Workers at the Hanford nuclear site were ordered to take cover on Friday after a large holding tank with ammonia vapor was discovered to be leaking near the vitrification plant in the 200 East Area. Workers in that area were told to shelter in place with doors, windows and ventilation closed while other workers were told to avoid the 200 East Area. The Hanford Site is a decommissioned nuclear production complex operated by the United States federal government on the Columbia River in Benton County in the U.S. state of Washington
The 200 East Area has a vitrification plant, built and commissioned to treat the tank waste for disposal. The waste was left from the past production of plutonium from World War II through the Cold War for America’s nuclear weapons program. Today, there are 177 underground storage tanks on the Hanford Site, holding about 56 million gallons of highly radioactive and chemically hazardous waste.
The Hanford incident highlights the ongoing challenges of dealing with nuclear waste. Currently, there are thousands of metric tons of used solid fuel from nuclear power plants worldwide and millions of liters of radioactive liquid waste from weapons production sitting in temporary storage containers, some of which have begun leaking their toxic contents. Nuclear waste is notorious for the fact that it can remain dangerously radioactive for many thousands of years.

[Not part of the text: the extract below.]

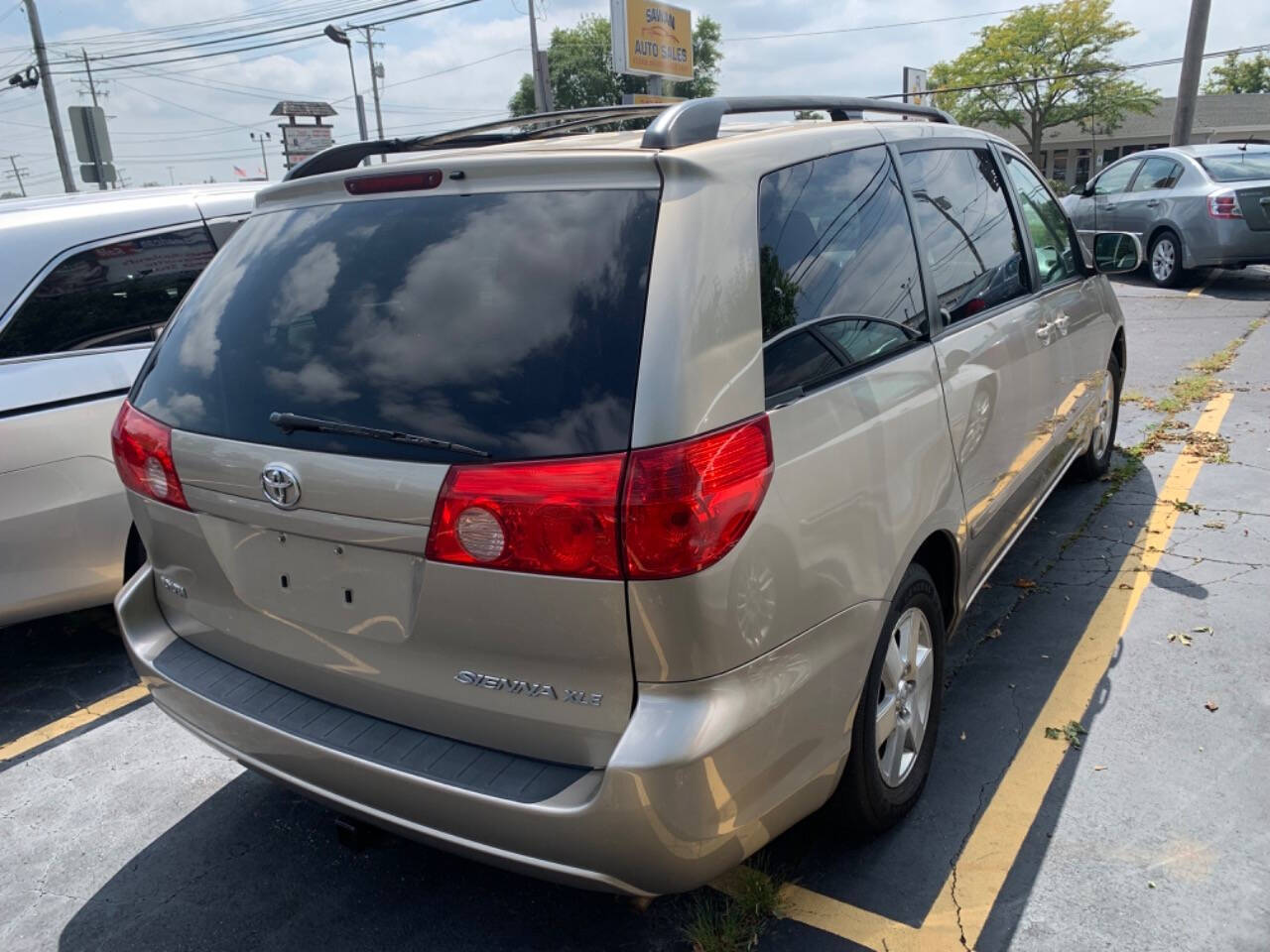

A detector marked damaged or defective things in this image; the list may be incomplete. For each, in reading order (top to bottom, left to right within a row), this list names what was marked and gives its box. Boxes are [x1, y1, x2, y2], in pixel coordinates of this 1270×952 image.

cracked asphalt [2, 266, 1270, 952]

Thankfully, the world is now closer to finding a permanent solution to its nuclear menace: Finland has built the world’s first deep-earth repository where it will bury nuclear waste for 100,000 years starting 2026. Dubbed ‘‘Onkalo’’, the repository is entombed in a bedrock more than 400 meters below the forests of southwest Finland. The facility sits atop a warren of tunnels sited next to three nuclear reactors on the island of Olkiluoto, approximately 240 kilometers from the capital of Helsinki. The Onkalo project is based on the so-called “KBS-3” method developed by the Swedish Nuclear Fuel and Waste Management Company. KBS-3 is based on a multi-barrier principle whereby if one of the engineered barriers were to fail, the isolation of the radioactive waste is not compromised.
“Basically, the Onkalo project is that we are building an encapsulation plant and disposal facility for spent fuel. And it’s not temporary, it’s for good,” Pasi Tuohimaa, head of communications for Posiva, told CNBC via videoconference. Posiva is tasked with the responsibility of handling the final disposal of spent nuclear fuel rods at Onkalo.